Key strategies include surface Gaussian filtering and accumulated flow localization to prevent error propagation.

[Figure 4: TVR Trajectory Correction - shows smoothed vs original Gaussian motion]

Experiments

Experimental Setup

We evaluate on two challenging datasets:

Nvidia-long: 7 scenes with 90-210 frames, 12 camera views per frame
Neu3D: 6 scenes with 300 frames each, 15-20 static cameras

We report standard metrics (PSNR, SSIM, LPIPS) and Dynamic PSNR (DPSNR) specifically for moving regions. Ground truth optical flow is obtained using RAFT, and dynamic masks are generated using SAM-2.

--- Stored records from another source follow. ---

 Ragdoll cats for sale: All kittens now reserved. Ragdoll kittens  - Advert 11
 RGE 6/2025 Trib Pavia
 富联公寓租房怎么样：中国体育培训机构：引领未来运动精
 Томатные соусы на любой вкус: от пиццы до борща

[Table 1: Quantitative Results on Nvidia Dataset]

[Table 2: Quantitative Results on Neu3D Dataset]

Results and Analysis

Our method achieves significant improvements over state-of-the-art baselines:

Overall Performance: 2.5 dB (Nvidia-long) and 2.45 dB (Neu3D) PSNR improvement
Dynamic Regions: 2.4 dB and 3.14 dB DPSNR improvement respectively
Comparison with Methods: Outperforms 4DGS, 4D-GS, SC-GS, and MotionGS across all scenes

[Figure 5: Novel View Synthesis Results - “Truck” scene with velocity field visualization]

Video Comparisons

Below we present video comparisons between the baseline method and our approach across various challenging scenes:

Baseline	Ours

[Figure 6: Qualitative Comparisons - multiple scenes showing improved dynamic reconstruction]

The velocity field visualizations demonstrate that our method produces physically plausible Gaussian motion, with gradually enlarging Gaussians matching actual object dynamics, while baselines show inconsistent trajectories.

Ablation Study

[Table 3: Component Analysis - effectiveness of velocity rendering, FAD, and flow losses]

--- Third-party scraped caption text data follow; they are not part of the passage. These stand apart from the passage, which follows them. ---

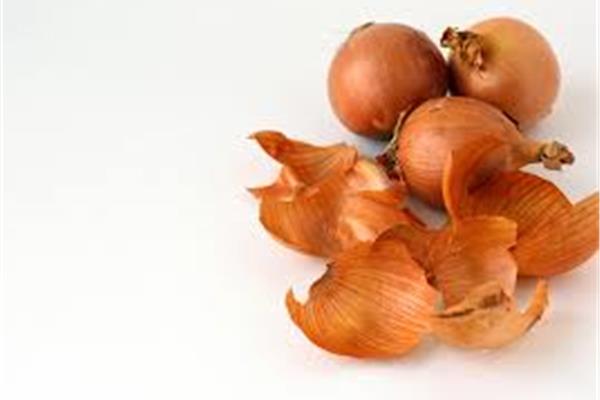 Gele ui Vers aanbod in de winkel op 3 april en 4 april Webshop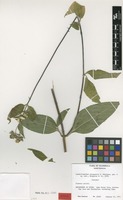 Isotype of Lundellianthus petenensis H.Rob. [family ASTERACEAE]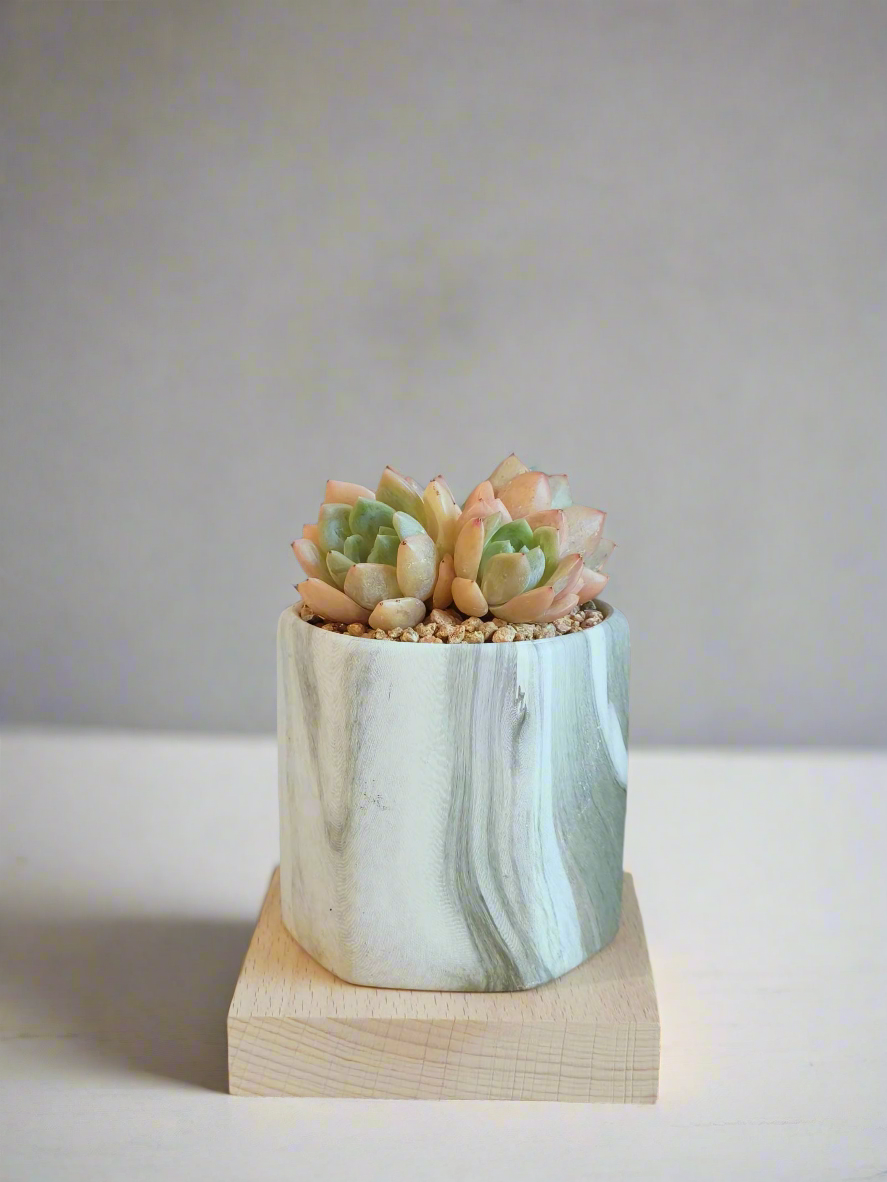 Succulent Radiant Octagon Green – Echevaria Suryeon - SlowBloomGreens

[Table 4: Window Size Impact - sliding window parameter study]

Key findings confirm the contribution of each component:

Velocity field rendering enables direct motion supervision
FAD effectively densifies dynamic regions using flow guidance
Multi-frame temporal windows (τ=8) provide optimal consistency
Flow-based losses focus optimization on dynamic content vs. photometric losses

[Figure 7: Loss Visualization - flow vs photometric loss distribution]

Conclusion

We present FlowGaussian-VR, an enhanced velocity field modeling technique for Gaussian video reconstruction. By rendering velocity fields and incorporating flow-based constraints, our method achieves more accurate and temporally consistent dynamic scene reconstruction. The FAD strategy effectively handles challenging dynamic regions, leading to significant improvements in visual quality and motion accuracy.

Limitations: The method faces challenges with rapid motion and abrupt object changes. Future work could explore better dynamic Gaussian control and optimization strategies for complex scenarios.